Translated and summarized from the homily by Fr Fabio Rosini

April 14th 2024.  Third Sunday of Easter

GOSPEL   Luke 24: 35-48

Translated from a homily by Don Fabio Rosini, broadcast on Vatican Radio

Don Fabio’s reflection follows the Gospel reading . . .

GOSPEL   Luke 24:35-48

The two disciples recounted what had taken place on the way,

and how Jesus was made known to them

in the breaking of bread.

While they were still speaking about this,

he stood in their midst and said to them,

"Peace be with you."

But they were startled and terrified

and thought that they were seeing a ghost.

Then he said to them, "Why are you troubled?

And why do questions arise in your hearts?

Look at my hands and my feet, that it is I myself.

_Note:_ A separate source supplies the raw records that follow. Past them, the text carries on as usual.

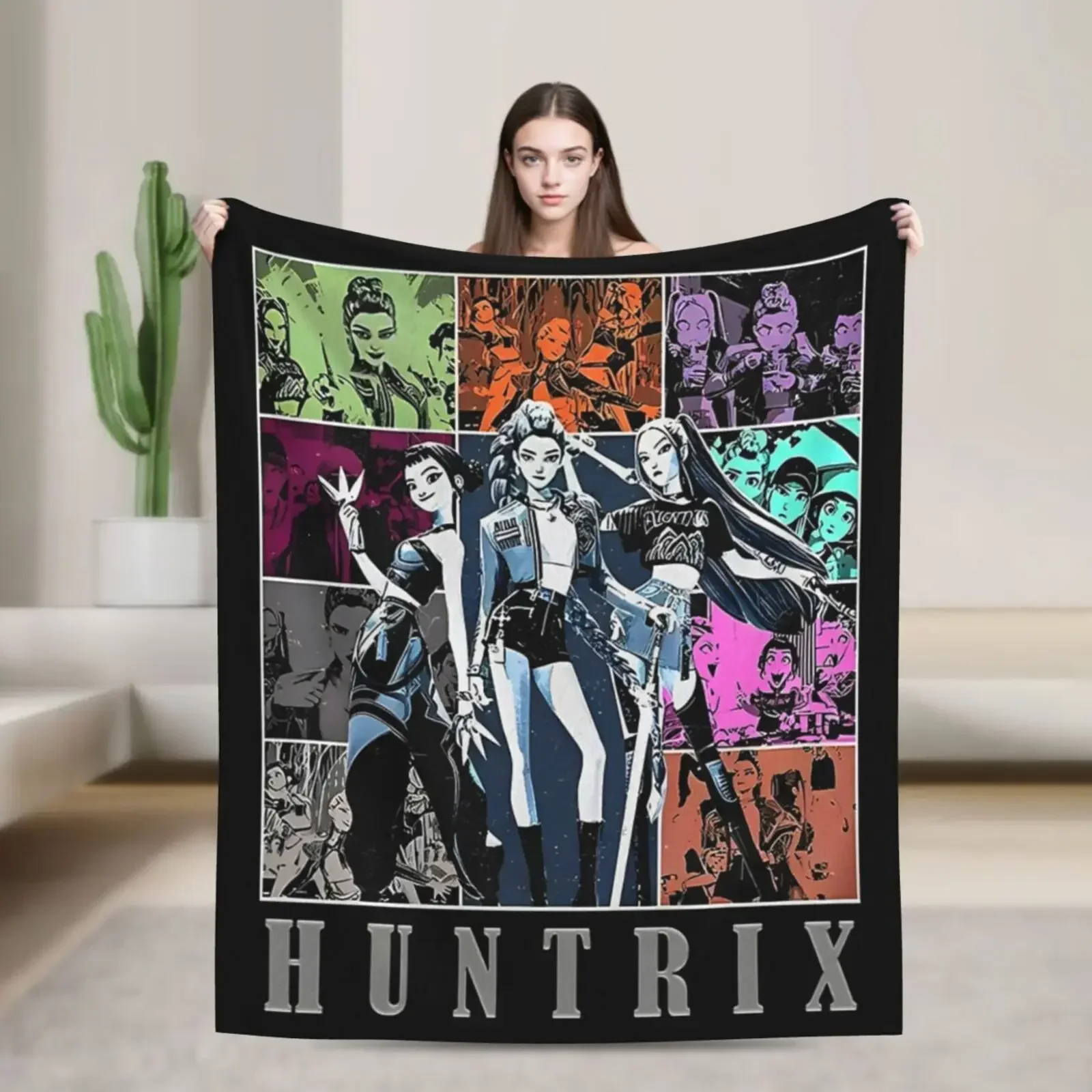 

Уютное фланелевое одеяло Huntrix KPop, аниме, охотник на демонов, теплый подарок для гостиной для фанатов и друзей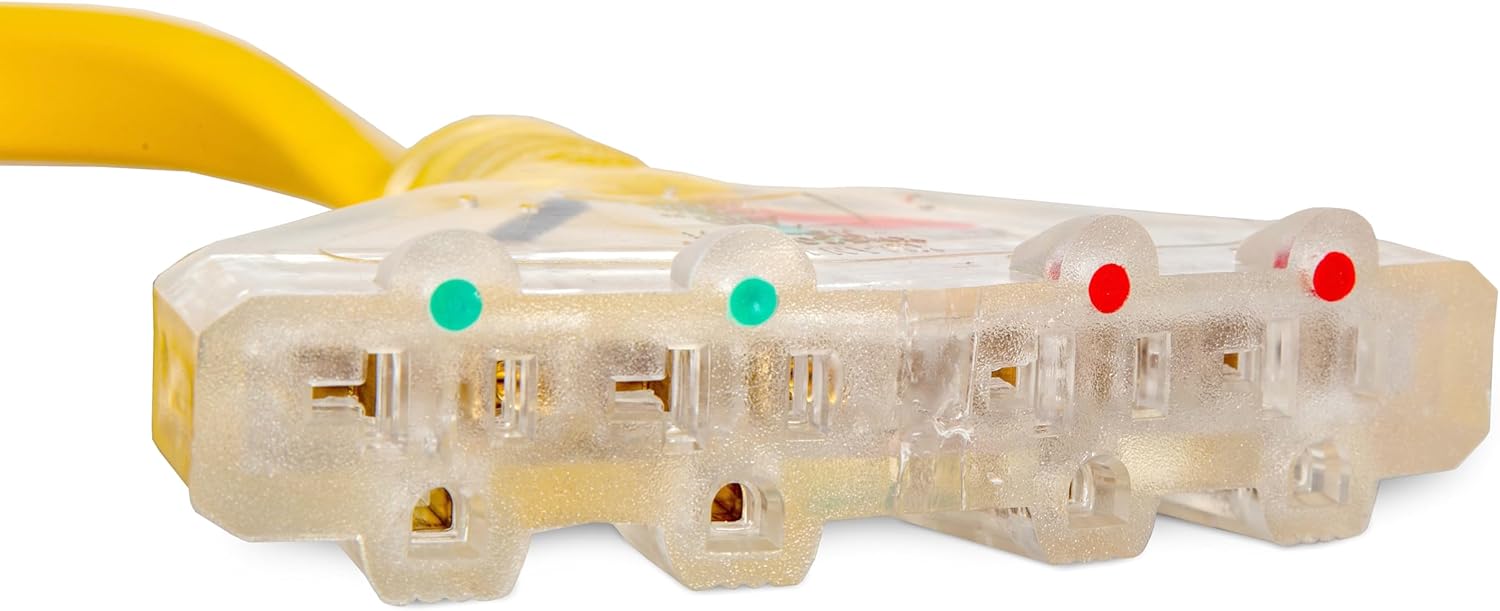 Wen 125V/250V 30-Amp 10-Gauge Flattened Under-Door Generator Extension Cord Splitter, 25-Foot (converts L14-30R to Four 5-20R outlets) (PC1420F)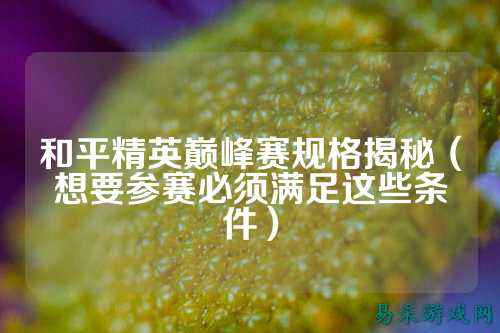 和平精英巅峰赛规格揭秘（想要参赛必须满足这些条件）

Touch me and see, because a ghost does not have flesh and bones

as you can see I have."

And as he said this,

he showed them his hands and his feet.

While they were still incredulous for joy and were amazed,

he asked them, "Have you anything here to eat?"

They gave him a piece of baked fish;

he took it and ate it in front of them.

He said to them,

"These are my words that I spoke to you while I was still with you,

that everything written about me in the law of Moses

and in the prophets and psalms must be fulfilled."

Then he opened their minds to understand the Scriptures.

And he said to them,

"Thus it is written that the Christ would suffer

and rise from the dead on the third day

and that repentance, for the forgiveness of sins,

would be preached in his name

to all the nations, beginning from Jerusalem.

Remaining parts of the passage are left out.